Neste sentido, o potencial dessa interação para o crescimento profissional e para uma cultura colegial aponta para a emergência de uma relação aberta e crítica com o trabalho docente, indiciando acréscimos de autonomia profissional e valorizando o conhecimento e as redes relacionais estabelecidas, nas quais os sujeitos se desenvolvem. Nesta perspetiva, da indagação e investigação na e sobre a prática emergem problemas reais, dúvidas, tensões, incidentes críticos que são potencialmente promotores do desenvolvimento profissional. Fullan & Hargreaves salientam que o mais importante será o tipo de envolvimento e o modo particular como os professores trabalham em conjunto como comunidade (2001: 37). Por sua vez, a articulação do contexto de trabalho docente com o da formação destaca a centralidade do saber e do agir profissionais (Esteves & Rodrigues, 2003; Rodrigues & Esteves, 1993; Rodrigues, 2007; Roldão, 2000a, 2002), potenciando a dimensão formativa das situações de trabalho (Machado & Formosinho, 2009).

À semelhança da aprendizagem, a formação é um percurso que assume vias formais (frequência de cursos de formação acreditados, por exemplo) e informais (a autoformação, por exemplo) e, como tal,

não é possível constatar necessidades objectivas, isto é, necessidades ontologicamente objectivas, dependendo estas dos sujeitos, grupos ou sistemas que as percebem e do contexto onde emergem, dos agentes sociais que as recolhem e detectam (ou colaboram na sua detecção) e dos respectivos valores e objectivos de referência (Rodrigues, 1999: 154).

Não obstante, a formação será sempre um processo individualizado e pessoal de cada professor (Esteves & Rodrigues, 2003; Rodrigues, 2007), cujo sentido depende das vidas pessoais e profissionais e das políticas e contextos escolares nos quais realizam a sua actividade docente (Day, 2001: 15). Deste modo, compreende-se que nem toda atividade seja, por si só, formativa, ainda que integrada em um programa de formação formal. A natureza formativa de uma determinada atividade carece de ser validada e legitimada pelo formando como uma experiência compensadora e útil (Alarcão, 2006a: 137). Neste processo concorre, ainda, o que Alarcão designa por forças em presença (2006b: 307) no contexto imediato do desenvolvimento profissional do professor.
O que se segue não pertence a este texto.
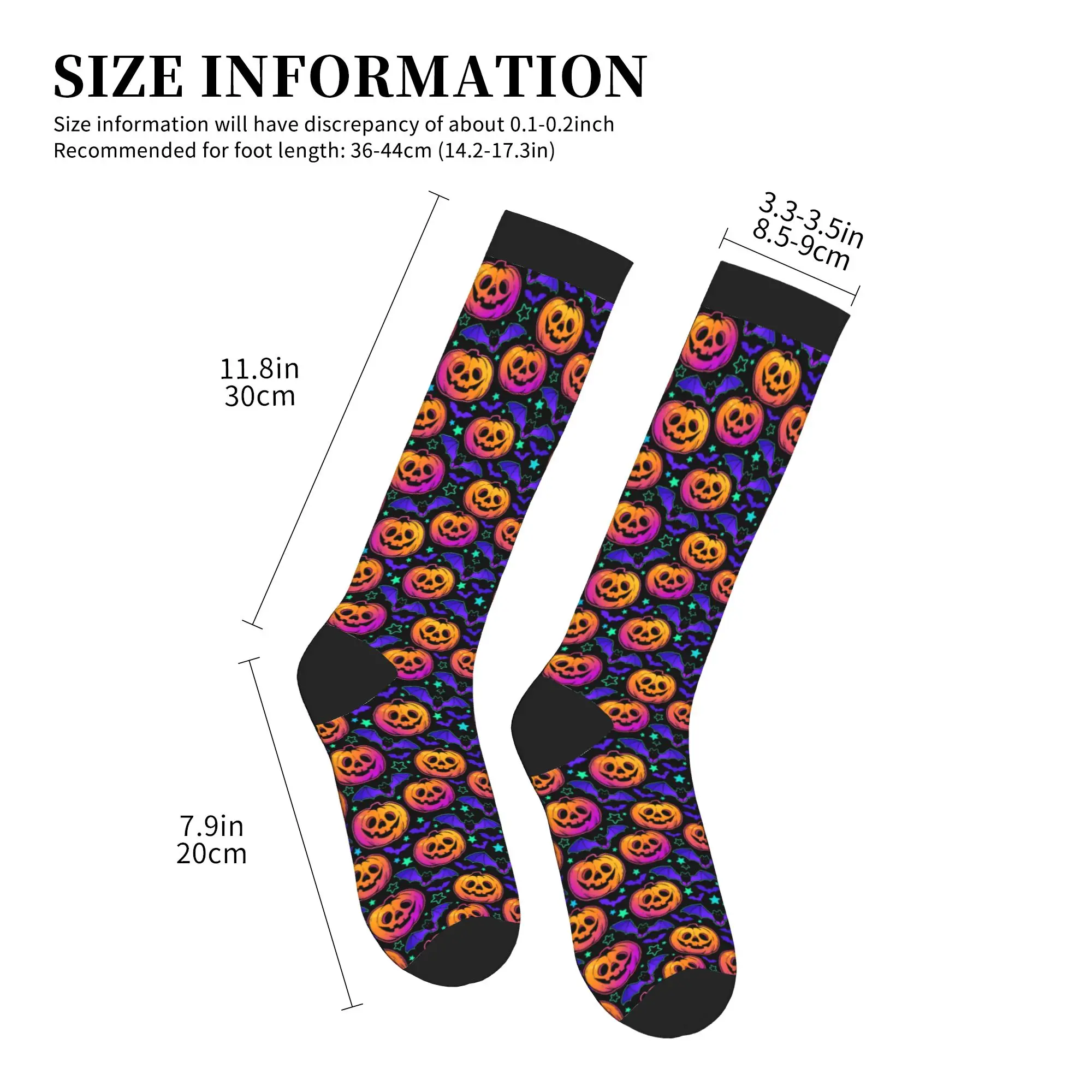 Harajuku Colorful Pumpkin Bats Star Moon Gothic Magic Mysterious Socks Men Women Warm Basketball Sports Sports Compression Socks view 4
Estas forças provêm da relação do contexto imediato com outros contextos, inclusive mais amplos, como o das

políticas educativas (Day, 2001), e assumem-se como facilitadoras ou obstaculizantes da atividade formativa e do desenvolvimento profissional docente.

Revisitando o processo de concetualização inicial, sistematizamos acentuando que o desenvolvimento profissional pressupõe considerar a dimensão profissional e a pessoal do professor, num processo contínuo (e não como ponto de chegada), consentâneo com as conceções de aprendizagem e de formação, que remetem para o indivíduo e os contextos e cuja alinearidade é uma característica intrínseca. Os conceitos não apresentam significações únicas e estáticas, pelo que sublinhamos que ao desenvolvimento profissional docente subjazem finalidades maiores, entre elas, o bem- estar pessoal e profissional do professor e a qualidade dos processos de ensino e de aprendizagem.

Em suma, o desenvolvimento profissional alicerça-se numa concepção da autonomia dos professores enquanto manifestação de capacidade colectiva para conceber e executar, de modo original e atento aos contextos, o trabalho que lhes está confiado, para o avaliar e para o redefinir, sempre que tal se prove necessário (Esteves, 2006a: 246). Nesta linha de pensamento, o desenvolvimento profissional docente pressupõe implicações, nomeadamente ao nível da qualidade dos processos de ensino e de aprendizagem (Day, 2001; Estrela, Esteves & Rodrigues, 2002; Formosinho & Machado, 2009; Guskey & Huberman, 1995; Morais & Medeiros, 2007; Rodrigues, 2007; Zeichner, 1993, 2008). Pelo que, além da dimensão pessoal e profissional, o desenvolvimento profissional docente envolve, igualmente, a dimensão organizacional (Nóvoa, 2002a), acarretando reflexos sociopolíticos passíveis de alavancar o desenvolvimento da sociedade, que se pretende democrática e equitativa.